> THE PROBLEM: Below are the records; extract from them the line containing "Delaware W-3 Annual Reconciliation Form" to the line containing "CERANO - Sprchová", both lines included, exactly and with no pictures.

> INPUT MATERIAL:
------------------------------------------------
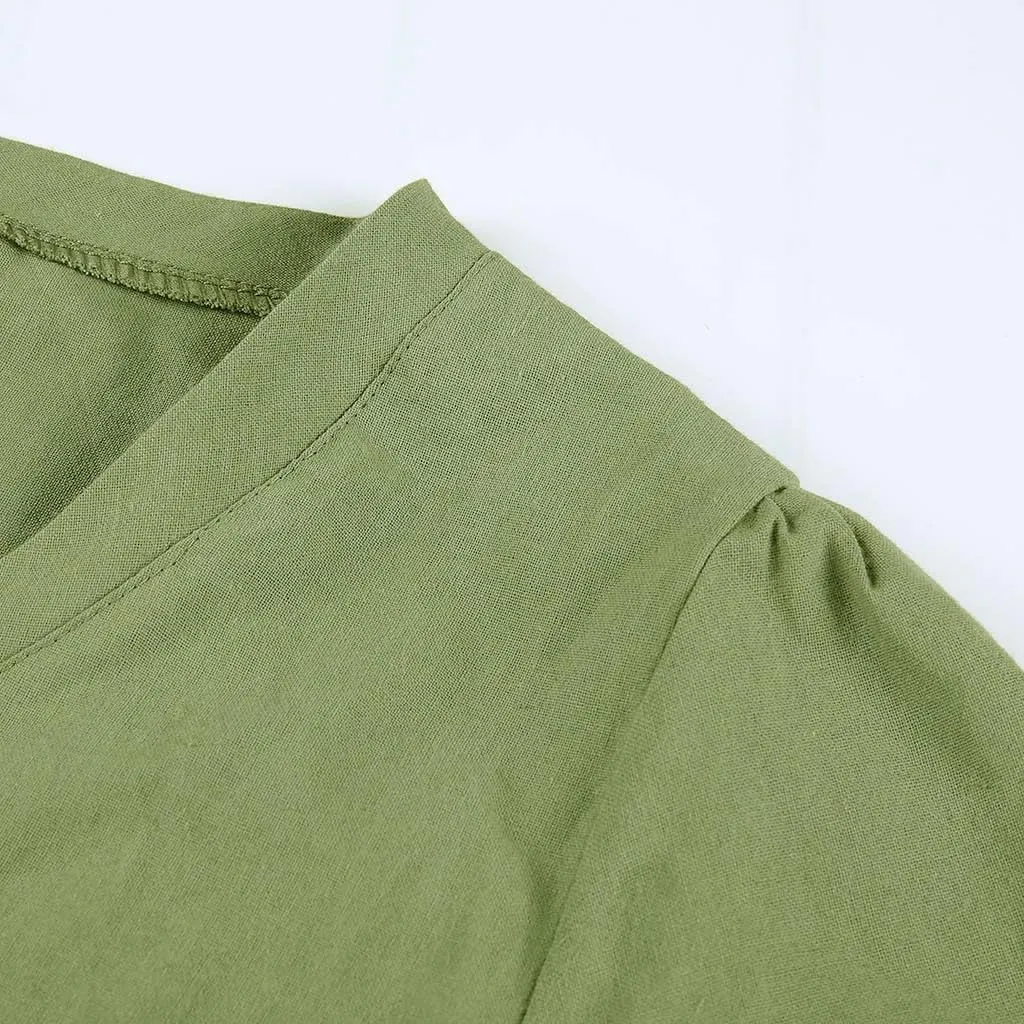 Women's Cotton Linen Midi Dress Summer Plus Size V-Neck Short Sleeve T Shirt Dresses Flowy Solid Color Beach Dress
------------------------------------------------
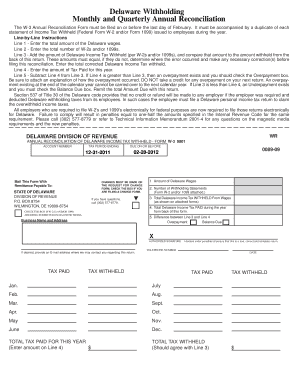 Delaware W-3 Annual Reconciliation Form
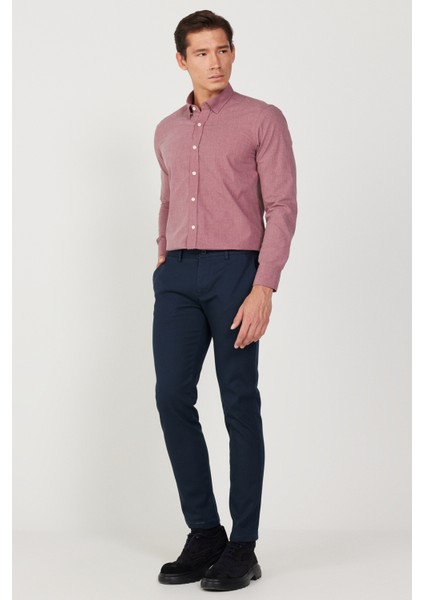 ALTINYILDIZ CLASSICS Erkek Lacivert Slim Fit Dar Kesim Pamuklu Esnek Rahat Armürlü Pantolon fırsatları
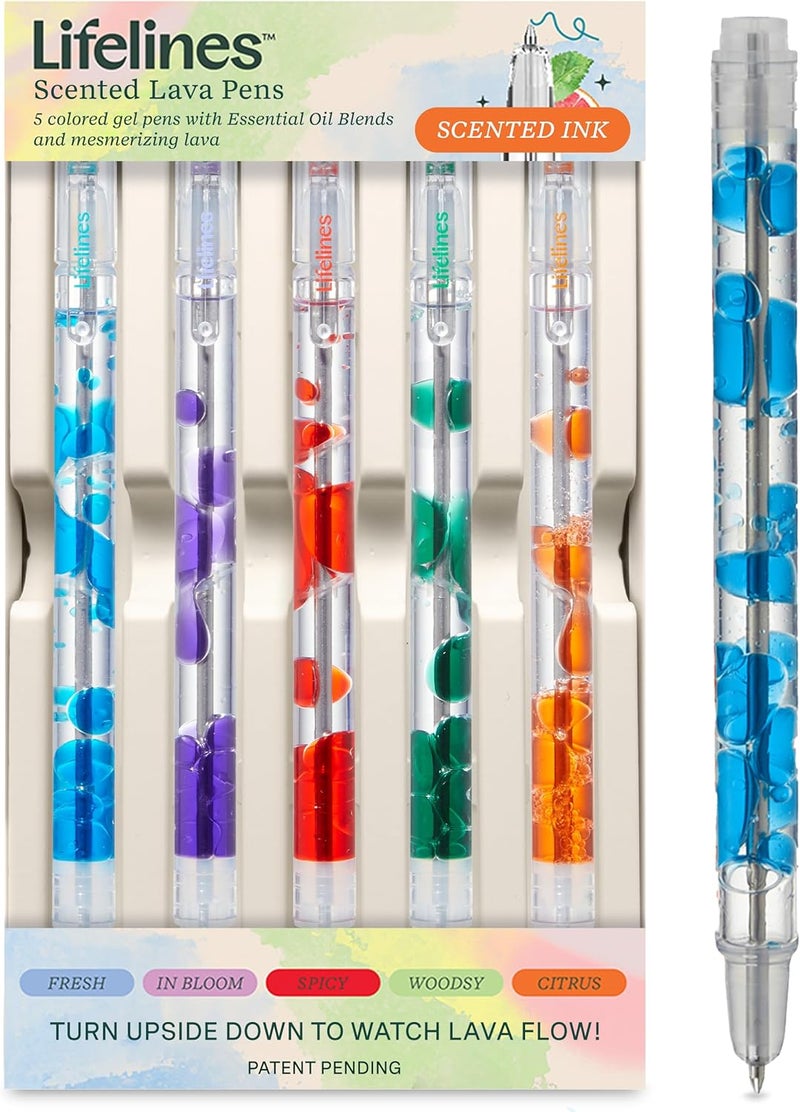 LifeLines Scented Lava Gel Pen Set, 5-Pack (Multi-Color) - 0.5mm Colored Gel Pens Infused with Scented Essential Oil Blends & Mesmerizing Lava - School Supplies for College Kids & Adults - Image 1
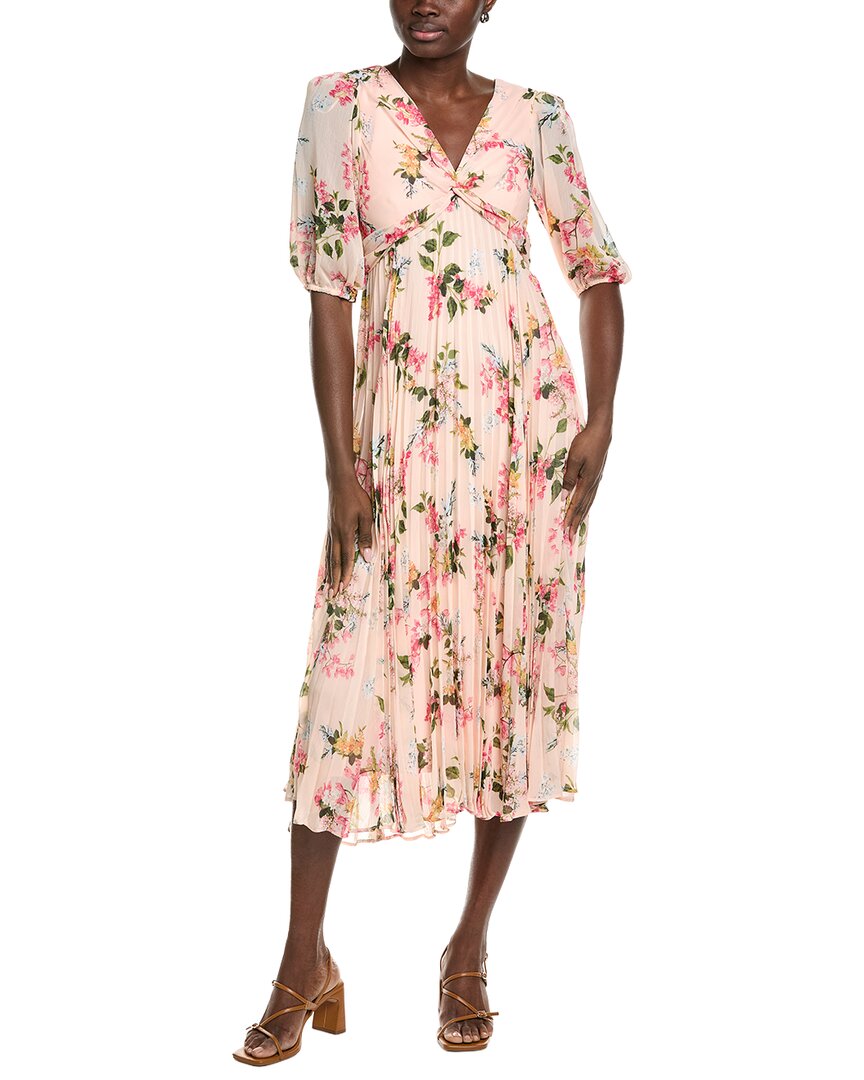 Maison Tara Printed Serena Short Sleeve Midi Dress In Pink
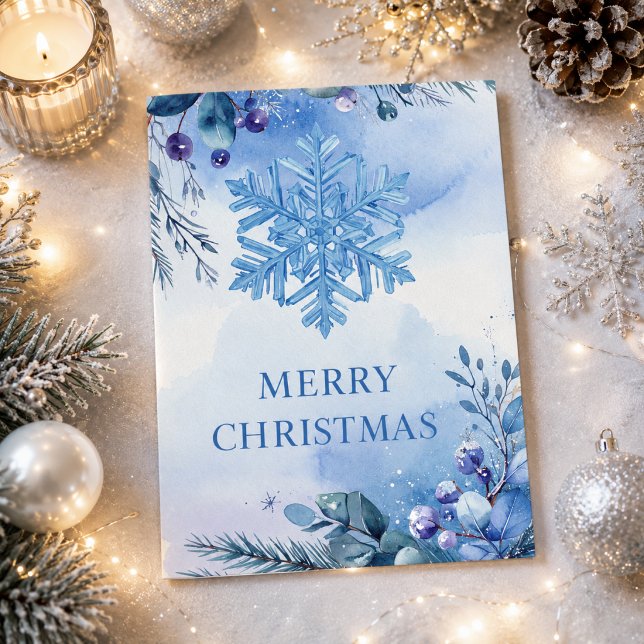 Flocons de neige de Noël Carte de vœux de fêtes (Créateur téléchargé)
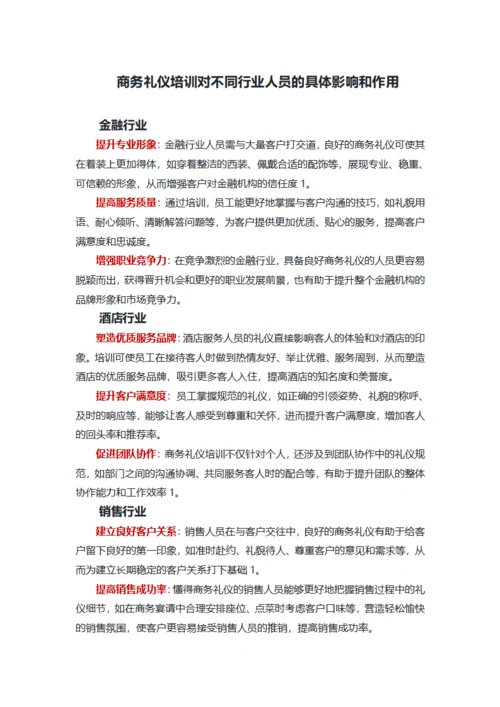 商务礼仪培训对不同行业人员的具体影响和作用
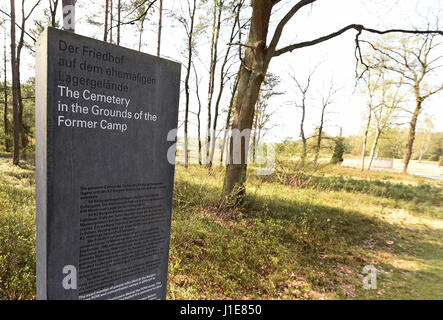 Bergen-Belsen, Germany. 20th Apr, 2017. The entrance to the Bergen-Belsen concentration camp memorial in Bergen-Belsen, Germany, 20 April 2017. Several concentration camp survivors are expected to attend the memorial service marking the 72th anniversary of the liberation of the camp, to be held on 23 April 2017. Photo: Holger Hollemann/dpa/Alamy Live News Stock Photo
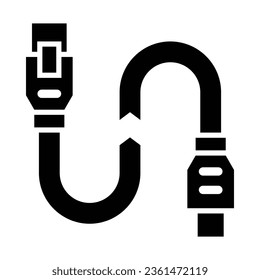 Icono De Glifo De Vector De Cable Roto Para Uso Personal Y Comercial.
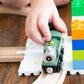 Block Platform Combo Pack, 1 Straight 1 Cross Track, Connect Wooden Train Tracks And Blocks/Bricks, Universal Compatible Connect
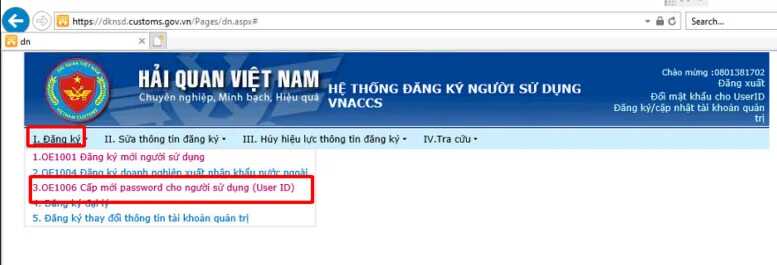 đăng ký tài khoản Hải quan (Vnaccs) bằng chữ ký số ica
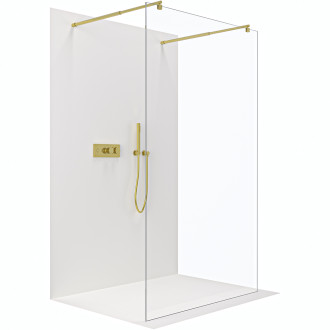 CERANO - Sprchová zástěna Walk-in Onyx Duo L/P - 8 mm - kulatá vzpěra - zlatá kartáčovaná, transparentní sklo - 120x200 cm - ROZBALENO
------------------------------------------------
> WRITTEN ANSWER:
 Delaware W-3 Annual Reconciliation Form
 ALTINYILDIZ CLASSICS Erkek Lacivert Slim Fit Dar Kesim Pamuklu Esnek Rahat Armürlü Pantolon fırsatları
 LifeLines Scented Lava Gel Pen Set, 5-Pack (Multi-Color) - 0.5mm Colored Gel Pens Infused with Scented Essential Oil Blends & Mesmerizing Lava - School Supplies for College Kids & Adults - Image 1
 Maison Tara Printed Serena Short Sleeve Midi Dress In Pink
 Flocons de neige de Noël Carte de vœux de fêtes (Créateur téléchargé)
 商务礼仪培训对不同行业人员的具体影响和作用
 Bergen-Belsen, Germany. 20th Apr, 2017. The entrance to the Bergen-Belsen concentration camp memorial in Bergen-Belsen, Germany, 20 April 2017. Several concentration camp survivors are expected to attend the memorial service marking the 72th anniversary of the liberation of the camp, to be held on 23 April 2017. Photo: Holger Hollemann/dpa/Alamy Live News Stock Photo
 Icono De Glifo De Vector De Cable Roto Para Uso Personal Y Comercial.
 Block Platform Combo Pack, 1 Straight 1 Cross Track, Connect Wooden Train Tracks And Blocks/Bricks, Universal Compatible Connect
 đăng ký tài khoản Hải quan (Vnaccs) bằng chữ ký số ica
 CERANO - Sprchová zástěna Walk-in Onyx Duo L/P - 8 mm - kulatá vzpěra - zlatá kartáčovaná, transparentní sklo - 120x200 cm - ROZBALENO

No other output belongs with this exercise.